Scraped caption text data
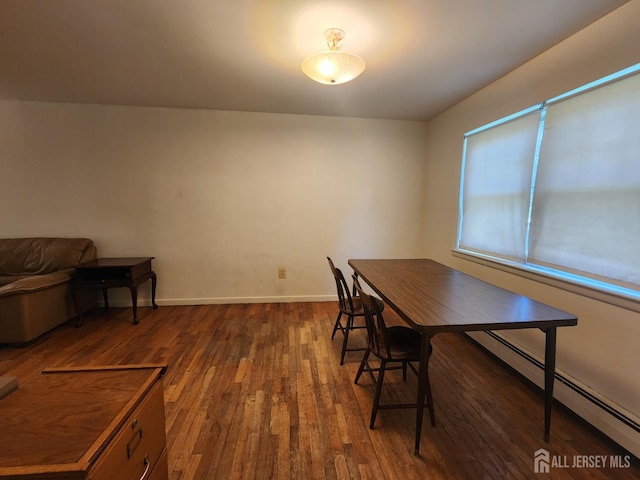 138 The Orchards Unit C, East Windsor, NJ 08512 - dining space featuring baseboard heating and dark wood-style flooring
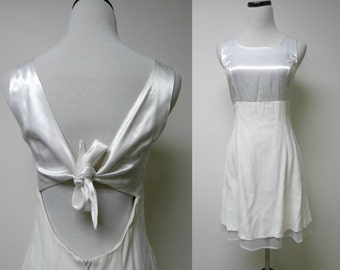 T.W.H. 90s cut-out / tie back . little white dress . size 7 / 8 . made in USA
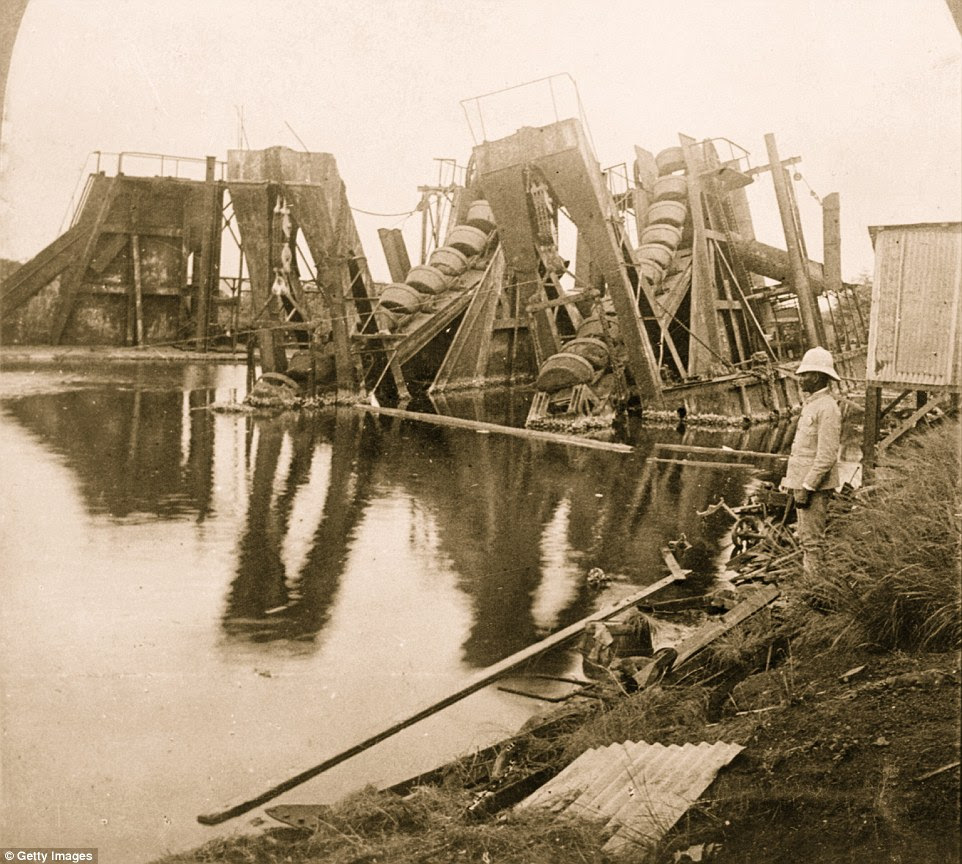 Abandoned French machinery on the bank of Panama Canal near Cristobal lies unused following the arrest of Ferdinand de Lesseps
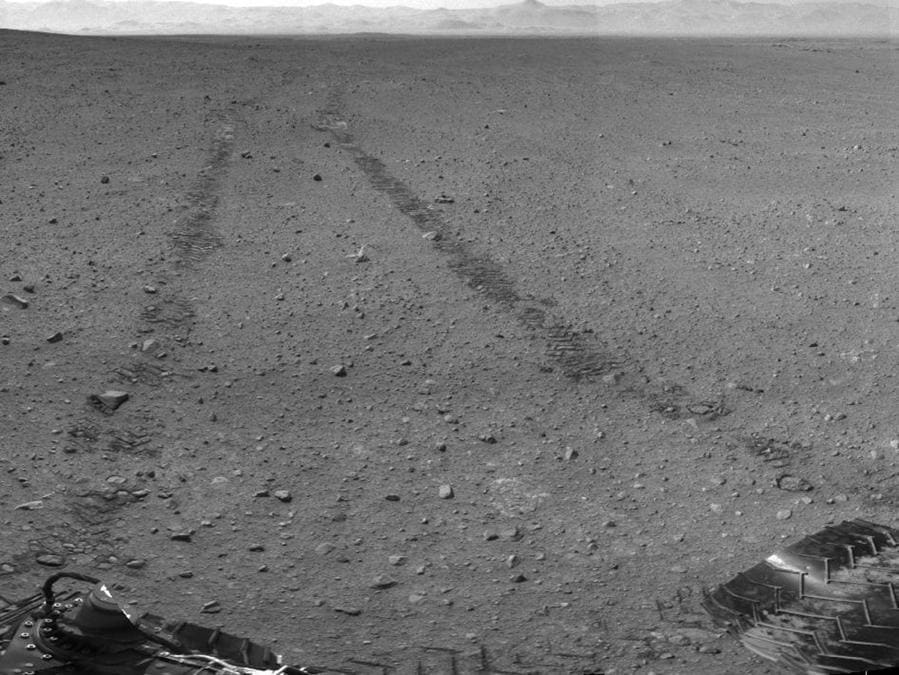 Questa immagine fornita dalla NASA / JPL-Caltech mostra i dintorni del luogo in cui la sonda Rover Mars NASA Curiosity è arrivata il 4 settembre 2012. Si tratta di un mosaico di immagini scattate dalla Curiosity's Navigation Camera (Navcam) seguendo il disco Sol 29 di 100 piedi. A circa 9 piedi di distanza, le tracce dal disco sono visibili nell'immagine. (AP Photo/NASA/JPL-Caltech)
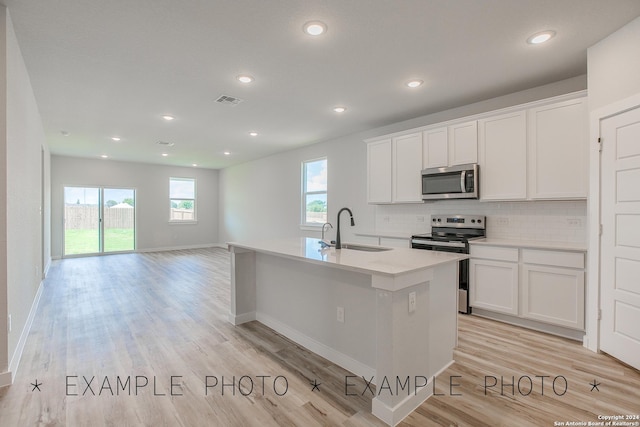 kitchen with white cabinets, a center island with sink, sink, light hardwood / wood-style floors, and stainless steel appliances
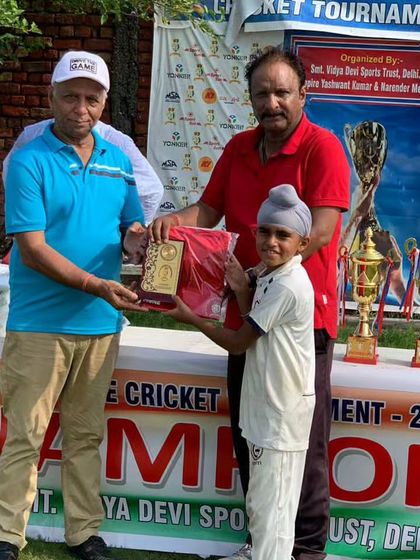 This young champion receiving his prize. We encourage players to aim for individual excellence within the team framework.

» **WORK TO BE COMPLETED**
Output each record above exactly as it stands, excluding all pictures.

» **REPLY TO THE EXERCISE**
 138 The Orchards Unit C, East Windsor, NJ 08512 - dining space featuring baseboard heating and dark wood-style flooring
 T.W.H. 90s cut-out / tie back . little white dress . size 7 / 8 . made in USA
 Abandoned French machinery on the bank of Panama Canal near Cristobal lies unused following the arrest of Ferdinand de Lesseps
 Questa immagine fornita dalla NASA / JPL-Caltech mostra i dintorni del luogo in cui la sonda Rover Mars NASA Curiosity è arrivata il 4 settembre 2012. Si tratta di un mosaico di immagini scattate dalla Curiosity's Navigation Camera (Navcam) seguendo il disco Sol 29 di 100 piedi. A circa 9 piedi di distanza, le tracce dal disco sono visibili nell'immagine. (AP Photo/NASA/JPL-Caltech)
 kitchen with white cabinets, a center island with sink, sink, light hardwood / wood-style floors, and stainless steel appliances
 This young champion receiving his prize. We encourage players to aim for individual excellence within the team framework.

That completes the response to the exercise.